FAVERO SOUZA, Thais
Graduate School of International Culture and Communication Studies
ICC Student Staff Leader:
December 2013 – July 2019
When I arrived at Waseda back in 2013, I was somewhat lost. I had just started being a research student at the graduate school of law, I was stressed over improving my Japanese so I could brave the challenging graduate lessons and materials I had to study. I was also overwhelmed with living alone, away from all of my family and friends, and having to provide for myself long term.
It was then, when I was looking for a path to follow, that I found the ICC. One of the friends from my dorm introduced it to me, and I knew that I had to try out for the job. Even after failing my first application, I didn’t want to give up and applied again as soon as I could. The second time, I finally got hired as a student staff and started my ICC journey.
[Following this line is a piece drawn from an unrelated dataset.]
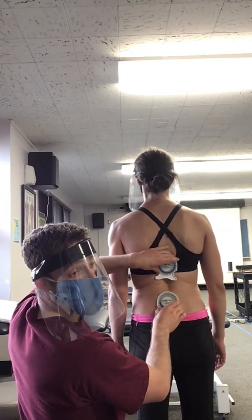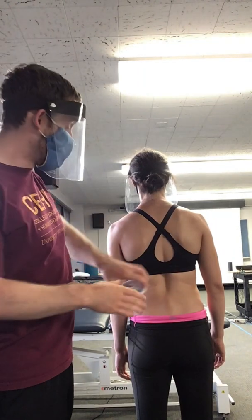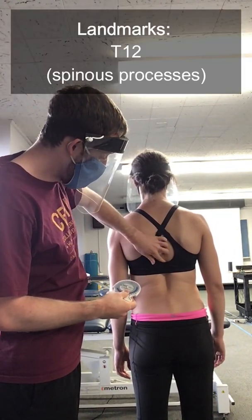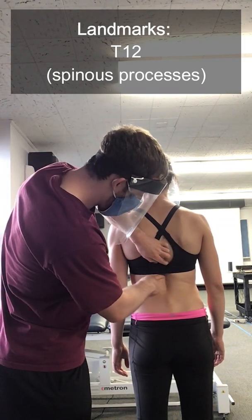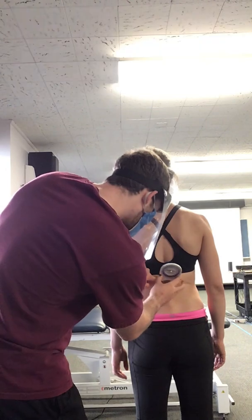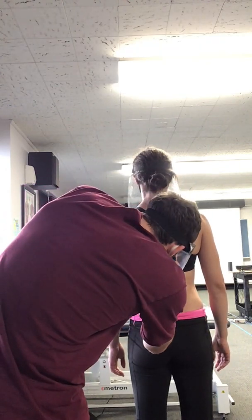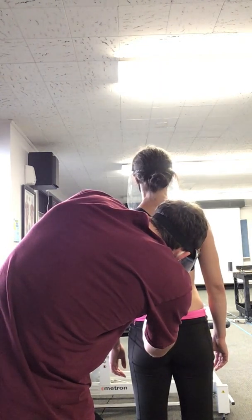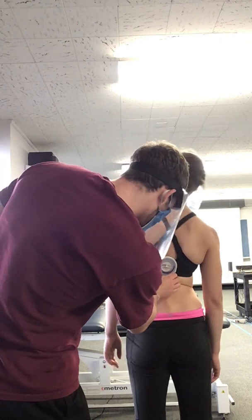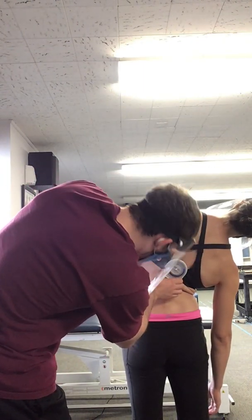So if you don't have two inclinometers and you only have one, you can repeat the exact same process just using the one. Same thing — T7, T8, T9, T10, T11, and T12. I'm going to set it over the spinous processes, make sure it's zeroed out. And then I'm getting 35.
That was December 2013, and after that I went on to spend amazing 6 years at the office. In addition to learning how to work in a Japanese office environment, I was able to make events related to my home country Brazil and to many other topics I am interested in, such as manga, K-pop and gender equality. I could also be part of my coworkers incredibly varied events, and supporting them from the planning stage to the actual execution. Seeing their accomplishments, especially after successfully completing their first projects, always made me feel extremely proud.
However, to me the most memorable thing about this job was being able to help other students and to create a safe place where they could challenge themselves, step out of their comfort zone and expand their views of the world. Every time a new person stepped into our lounge, I wanted to make them feel like they could count on us to make their student life rich and interesting, and to grow as a person by understanding and interacting with others. Through this cultural exchange, I hoped every single participant would think that it was worth listening and talking to new people, and understanding each other’s differences. And every time I heard a “thank you” from an event participant, I was incredibly happy to have played even a small positive part in that person’s life.
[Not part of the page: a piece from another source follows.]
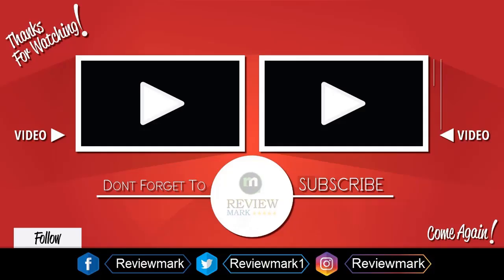Thanks for watching! Check out our other videos and don't forget to subscribe.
Working at the ICC was not just a simple part-time job. Of course, it was a great way of training for the future, since I intend to find work in Japan after I graduate and thus working with many Japanese people and learning about their work culture allowed me to be better prepared for when I join society as a full-time worker. However, to me the ICC was more than that. It was like having a family in Japan, with people I could always count on. It was also a way of finding myself, as because of my ICC experience I decided that I wanted to work as a university staff member after my PhD. I hope that from now on I can take everything I experienced as an ICC student staff and use it to keep helping other students find themselves too.
If you’re thinking about applying to work at the ICC, it’s obvious that I recommend it! And even if you don’t become a staff member here, please always keep challenging yourself and experiencing new things. You never know where you will find yourself!